■ Your objective
Going down the data below, set down exactly the line with "𝐔𝐍𝐃𝐄𝐑 𝐓𝐇𝐄 𝐇𝐄𝐋𝐌𝐄𝐓: 𝐁𝐞𝐡𝐢𝐧𝐝" and each line after it through the line with "In August of"; no other lines.

■ Supplied entries
---
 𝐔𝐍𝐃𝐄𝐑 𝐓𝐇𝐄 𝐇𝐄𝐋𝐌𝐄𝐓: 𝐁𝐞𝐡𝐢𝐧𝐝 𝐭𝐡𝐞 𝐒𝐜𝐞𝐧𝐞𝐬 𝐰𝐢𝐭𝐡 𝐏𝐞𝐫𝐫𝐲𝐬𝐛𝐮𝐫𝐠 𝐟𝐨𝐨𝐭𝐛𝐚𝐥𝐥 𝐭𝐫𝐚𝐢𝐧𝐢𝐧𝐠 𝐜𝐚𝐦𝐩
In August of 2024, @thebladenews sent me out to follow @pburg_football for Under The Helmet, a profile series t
---
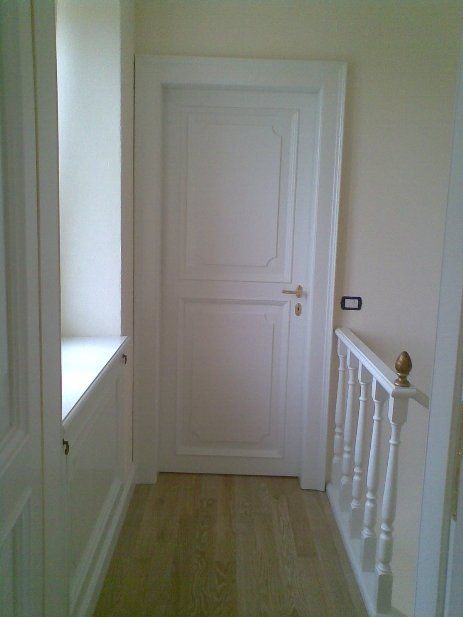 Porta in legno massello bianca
---
■ Exercise response
 𝐔𝐍𝐃𝐄𝐑 𝐓𝐇𝐄 𝐇𝐄𝐋𝐌𝐄𝐓: 𝐁𝐞𝐡𝐢𝐧𝐝 𝐭𝐡𝐞 𝐒𝐜𝐞𝐧𝐞𝐬 𝐰𝐢𝐭𝐡 𝐏𝐞𝐫𝐫𝐲𝐬𝐛𝐮𝐫𝐠 𝐟𝐨𝐨𝐭𝐛𝐚𝐥𝐥 𝐭𝐫𝐚𝐢𝐧𝐢𝐧𝐠 𝐜𝐚𝐦𝐩
In August of 2024, @thebladenews sent me out to follow @pburg_football for Under The Helmet, a profile series t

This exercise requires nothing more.